I have a simple map reduce job where I am building reverse index.
My mapper works correctly (I checked that) and outputs the key pair of word and docID:TFIDF value:
Mapper (only the output shown):
context.write(new IntWritable(wordIndex), new Text(index + ":" + tfidf));
The only job of reducer is to combine these values. This is my implementation:
public static class IndexerReducer extends Reducer<Text, IntWritable, IntWritable, Text>
{
public void reduce(IntWritable key, Iterable<Text> values, Context context) throws IOException, InterruptedException
{
StringBuilder sb = new StringBuilder();
for (Text value : values)
{
sb.append(value.toString() + " ");
}
context.write(key, new Text(sb.toString()));
}
}
However, it does not combine anything and the output looks basically the same as form the mapper. There are lines in the output with same key although the reducer was supposed to combine them - basically all the keys in the output file are supposed to be unique when using reducer, right?

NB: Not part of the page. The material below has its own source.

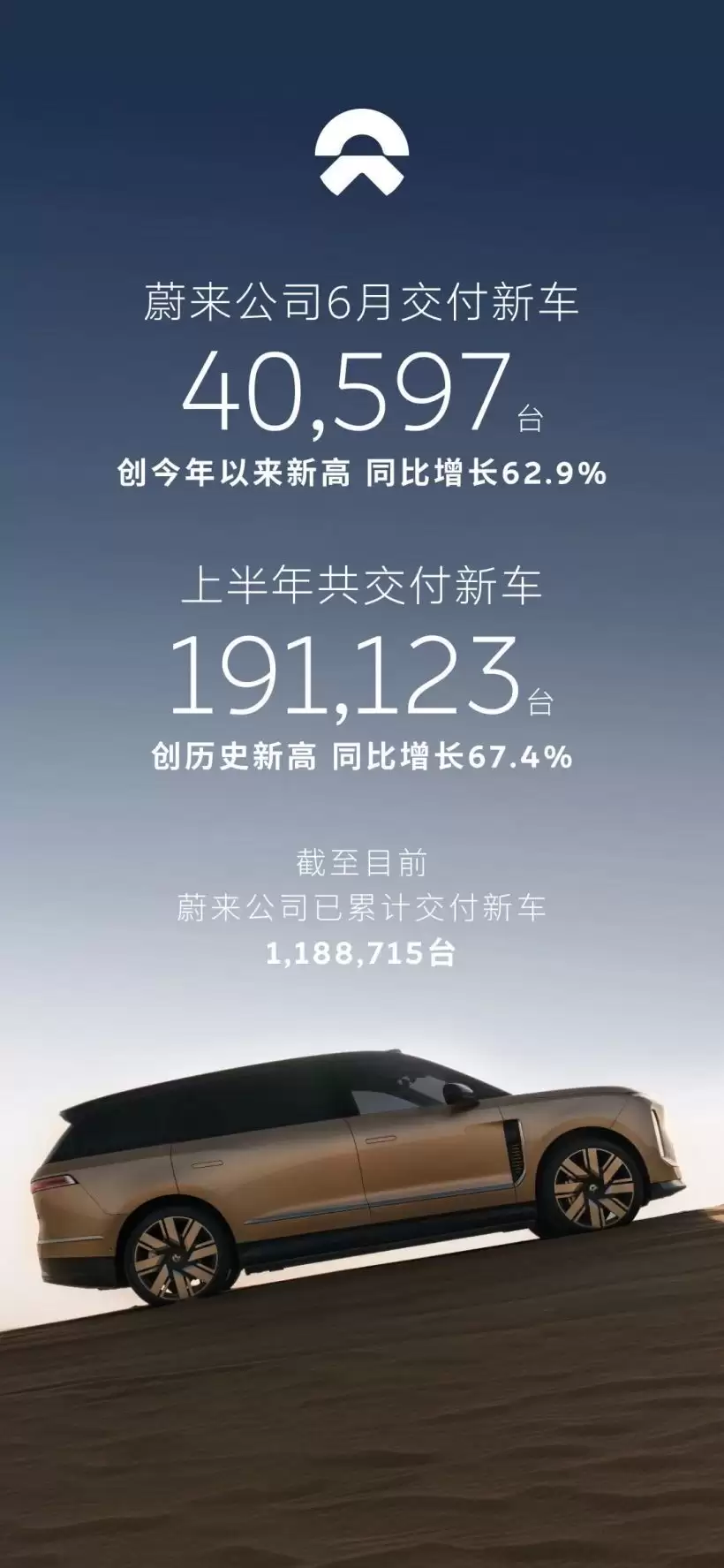 蔚来6月交付40597台汽车创今年以来新高,同比大增62.9%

This is a sample of how my reducer output looks like (note that this is simplified example):
1 15:2.1
1 13:4.3
2 9:9.3
2 43:7.9
etc
I expected this:
1 15:2.1 13:4.3
2 9:9.3 43:7.9
For sake of completeness, I am including the run method:
@Override
public int run(String[] arguments) throws Exception {
ArgumentParser parser = new ArgumentParser("TextPreprocessor");
parser.addArgument("input", true, true, "specify input directory");
parser.addArgument("output", true, true, "specify output directory");
parser.parseAndCheck(arguments);
Path inputPath = new Path(parser.getString("input"));
Path outputDir = new Path(parser.getString("output"));
// Create configuration.
Configuration conf = getConf();
// add distributed file with vocabulary
DistributedCache
.addCacheFile(new URI("/user/myslima3/vocab.txt"), conf);
// Create job.
Job job = new Job(conf, "WordCount");
job.setJarByClass(IndexerMapper.class);
// Setup MapReduce.
job.setMapperClass(IndexerMapper.class);
job.setReducerClass(IndexerReducer.class);
// Sort the output words in reversed order.

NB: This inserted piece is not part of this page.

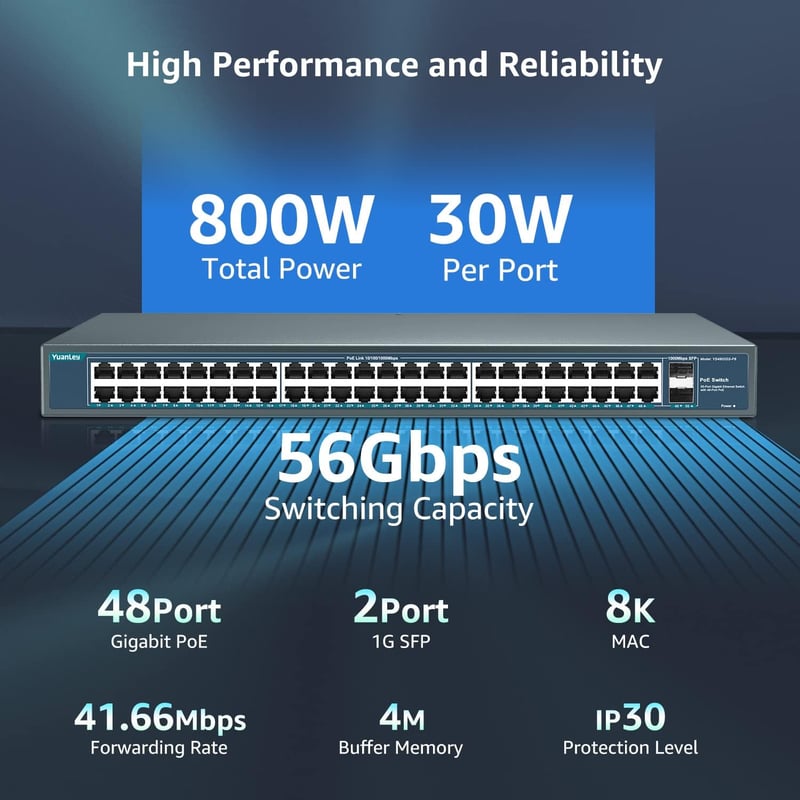 YuanLey 48 Portos Gigabit PoE Switch 800W 2 SFP Uplink Hálózati Kapcsoló Rack Szerelhető Fém Házas Ethernet Elosztó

job.setSortComparatorClass(WordCountComparator.class);
job.setNumReduceTasks(1);
// Specify (key, value).
job.setMapOutputKeyClass(IntWritable.class);
job.setMapOutputValueClass(Text.class);
job.setOutputKeyClass(IntWritable.class);
job.setOutputValueClass(Text.class);
// Input.
FileInputFormat.addInputPath(job, inputPath);
job.setInputFormatClass(TextInputFormat.class);
// Output.
FileOutputFormat.setOutputPath(job, outputDir);
job.setOutputFormatClass(TextOutputFormat.class);
FileSystem hdfs = FileSystem.get(conf);
// Delete output directory (if exists).
if (hdfs.exists(outputDir))
hdfs.delete(outputDir, true);
// Execute the job.
return job.waitForCompletion(true) ? 0 : 1;
}
I would be glad for any hint about what is going on. I am new to map reduce. Thanks for any debugging tips!